# [THE TASK]
What lines in the records below include the word "Steel"? Return each one.

+++ PROVIDED INFORMATION +++

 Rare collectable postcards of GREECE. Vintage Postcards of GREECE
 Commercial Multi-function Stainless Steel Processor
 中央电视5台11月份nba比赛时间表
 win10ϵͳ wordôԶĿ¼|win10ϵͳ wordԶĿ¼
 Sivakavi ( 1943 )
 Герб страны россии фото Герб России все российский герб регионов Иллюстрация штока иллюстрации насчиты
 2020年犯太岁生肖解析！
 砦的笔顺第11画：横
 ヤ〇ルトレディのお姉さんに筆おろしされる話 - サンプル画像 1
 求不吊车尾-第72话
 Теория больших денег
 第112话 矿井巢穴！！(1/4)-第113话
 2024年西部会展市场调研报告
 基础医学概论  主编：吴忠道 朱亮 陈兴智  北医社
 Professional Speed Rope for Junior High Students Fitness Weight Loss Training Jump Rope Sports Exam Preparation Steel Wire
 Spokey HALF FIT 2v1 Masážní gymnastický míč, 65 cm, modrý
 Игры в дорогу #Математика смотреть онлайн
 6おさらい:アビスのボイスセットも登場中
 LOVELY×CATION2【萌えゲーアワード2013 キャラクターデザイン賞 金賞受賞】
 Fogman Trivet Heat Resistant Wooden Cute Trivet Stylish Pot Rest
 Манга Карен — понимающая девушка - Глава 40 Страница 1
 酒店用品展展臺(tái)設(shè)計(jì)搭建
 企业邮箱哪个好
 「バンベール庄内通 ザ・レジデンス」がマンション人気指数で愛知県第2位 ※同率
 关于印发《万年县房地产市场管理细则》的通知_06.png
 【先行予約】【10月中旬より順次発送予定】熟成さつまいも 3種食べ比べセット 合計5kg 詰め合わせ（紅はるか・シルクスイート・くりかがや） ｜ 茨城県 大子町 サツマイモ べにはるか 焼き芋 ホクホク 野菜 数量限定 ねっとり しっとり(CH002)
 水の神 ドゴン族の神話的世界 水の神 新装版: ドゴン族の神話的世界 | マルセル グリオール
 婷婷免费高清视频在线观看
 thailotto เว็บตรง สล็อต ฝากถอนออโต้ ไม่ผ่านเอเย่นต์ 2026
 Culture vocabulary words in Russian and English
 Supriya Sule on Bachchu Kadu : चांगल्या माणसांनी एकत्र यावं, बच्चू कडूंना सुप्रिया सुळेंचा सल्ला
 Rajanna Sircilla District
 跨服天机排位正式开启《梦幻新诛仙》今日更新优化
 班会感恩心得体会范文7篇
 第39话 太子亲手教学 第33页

+++

# [OUTPUT FOR THIS TASK]
 Commercial Multi-function Stainless Steel Processor
 Professional Speed Rope for Junior High Students Fitness Weight Loss Training Jump Rope Sports Exam Preparation Steel Wire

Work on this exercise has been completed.